▶ [What the task requires] The task calls for every entry to be printed word for word, without the images.

▶ [Provided records]
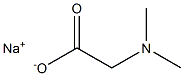 N,N-DIMETHYLGLYCINE SODIUM Struktur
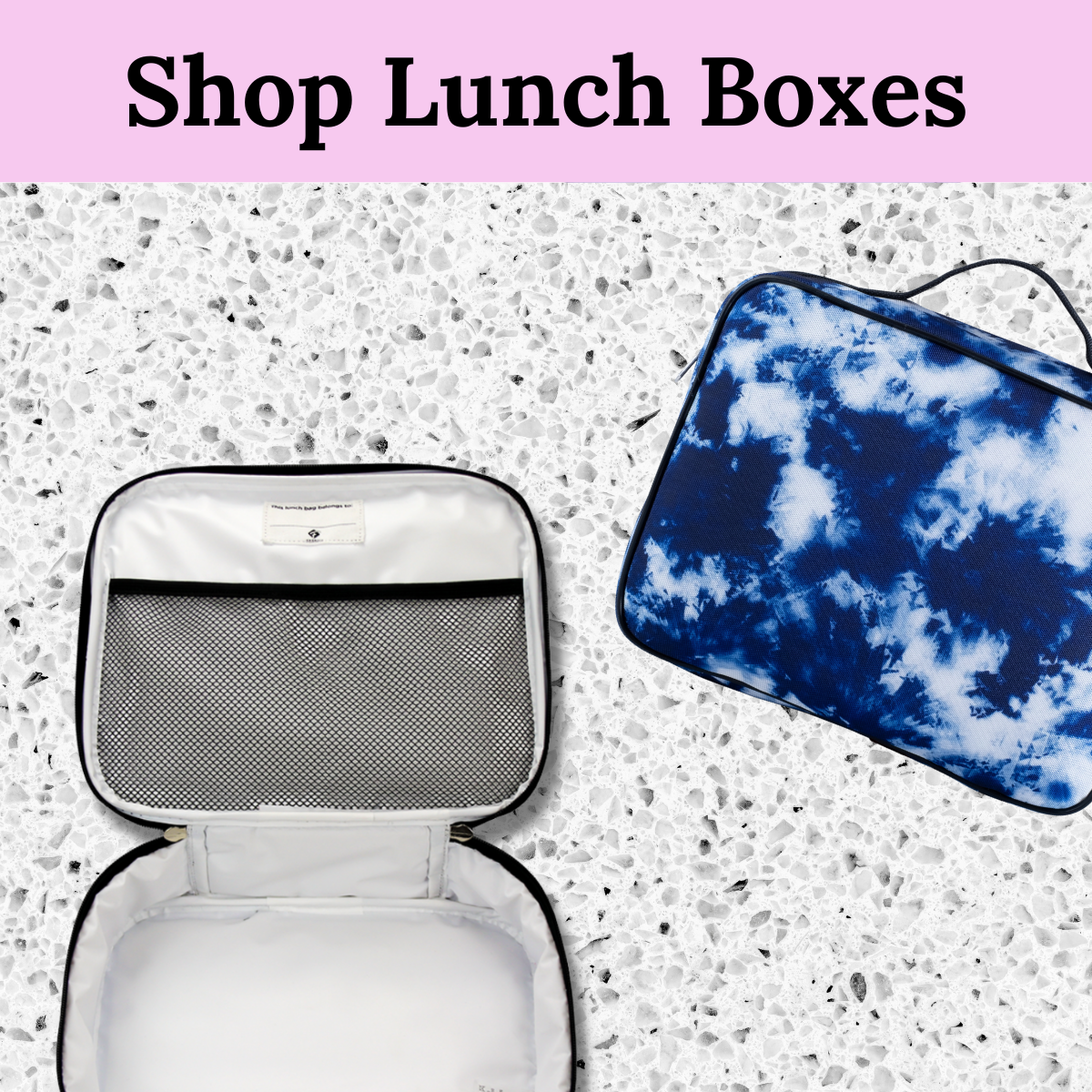 White Lunchbox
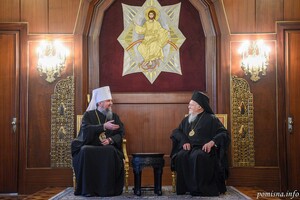 Вселенский патриарх Варфоломей назвал дьявольской войну в Украине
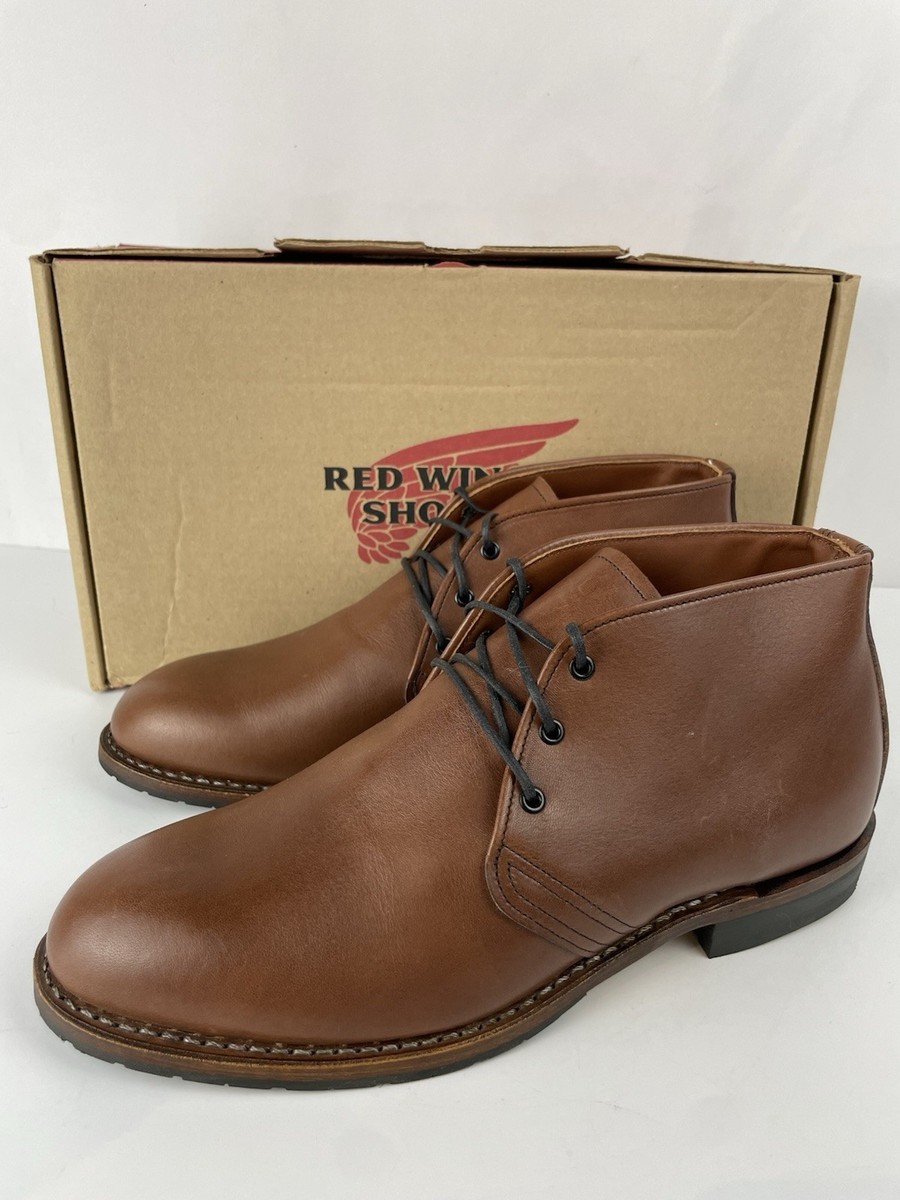 Red Wing 9048 Beckman Chukka Boots Teak Featherstone Men's Multi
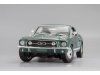 Масштабная модель Ford Mustang GTA Coupe Fastback 1967 зеленый металлик ракурс 4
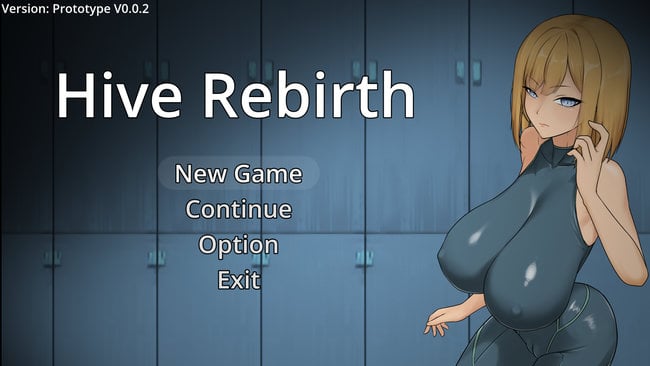 Hive Rebirth Cover Art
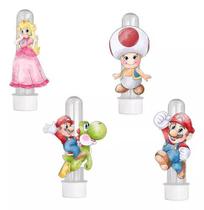 20 Tubetes 3d Personalizado Lembrancinha Super Mario Aquarela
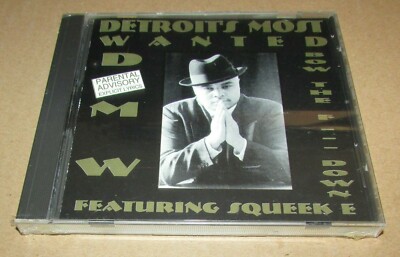 Detroit's Most Wanted Bow The F*** Down (1994 Music CD) Rap Hip Hop Brand New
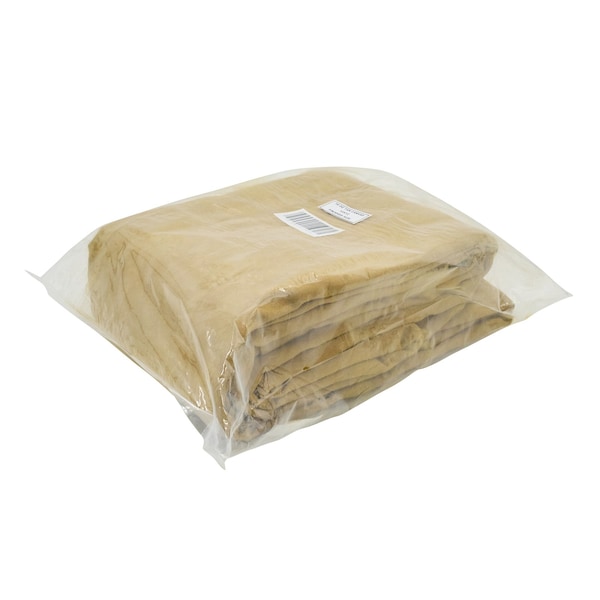 Tarps Now Tarp, 5 ft x 7 ft, 20 Mil, Tan, Cotton Canvas - FS-CWT10-0507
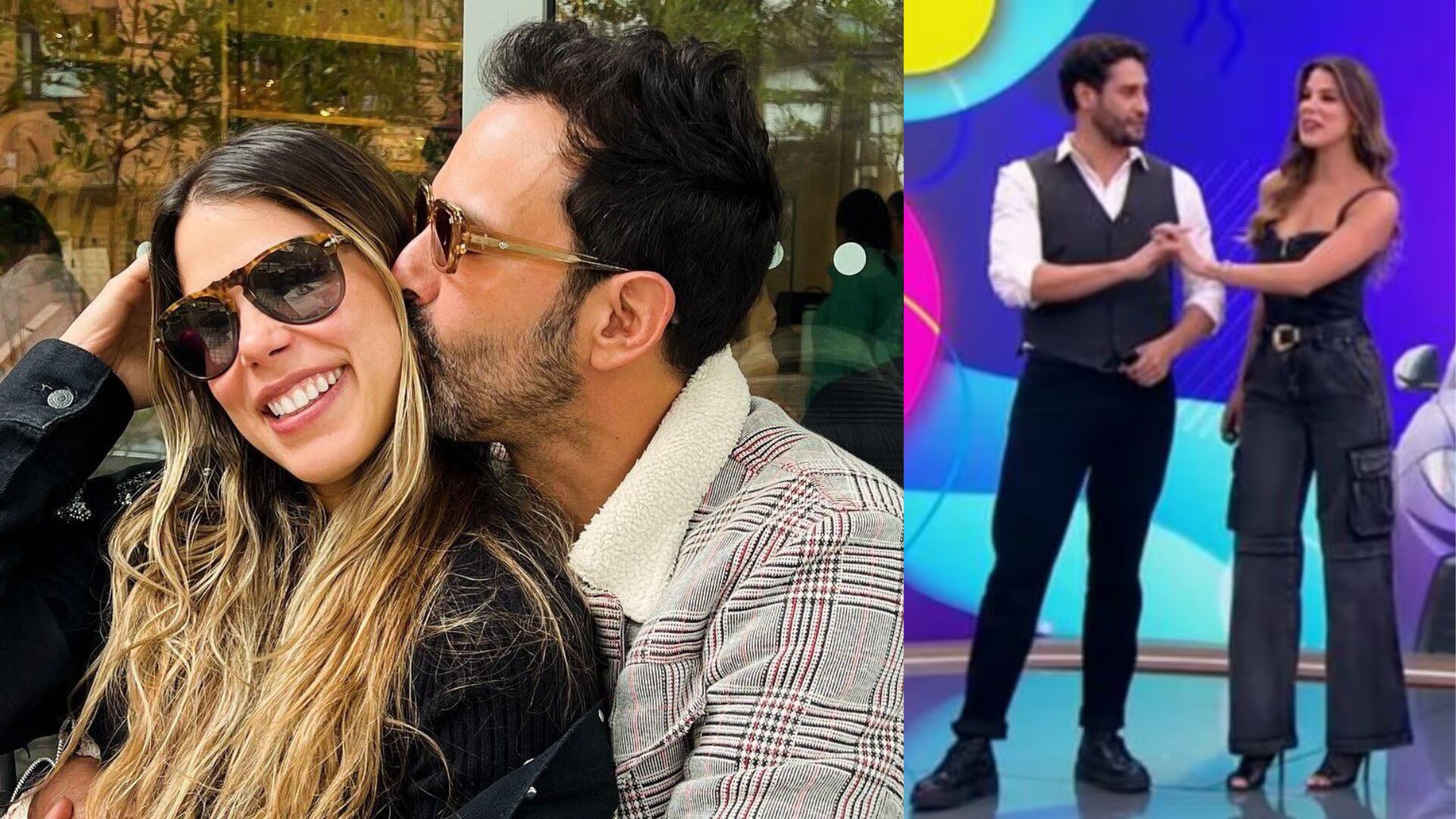 Dominica Duque de Noticias RCN recibió amorosa sorpresa de Alejandro Estrada por su debut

▶ [Task output]
 N,N-DIMETHYLGLYCINE SODIUM Struktur
 White Lunchbox
 Вселенский патриарх Варфоломей назвал дьявольской войну в Украине
 Red Wing 9048 Beckman Chukka Boots Teak Featherstone Men's Multi
 Масштабная модель Ford Mustang GTA Coupe Fastback 1967 зеленый металлик ракурс 4
 Hive Rebirth Cover Art
 20 Tubetes 3d Personalizado Lembrancinha Super Mario Aquarela
 Detroit's Most Wanted Bow The F*** Down (1994 Music CD) Rap Hip Hop Brand New
 Tarps Now Tarp, 5 ft x 7 ft, 20 Mil, Tan, Cotton Canvas - FS-CWT10-0507
 Dominica Duque de Noticias RCN recibió amorosa sorpresa de Alejandro Estrada por su debut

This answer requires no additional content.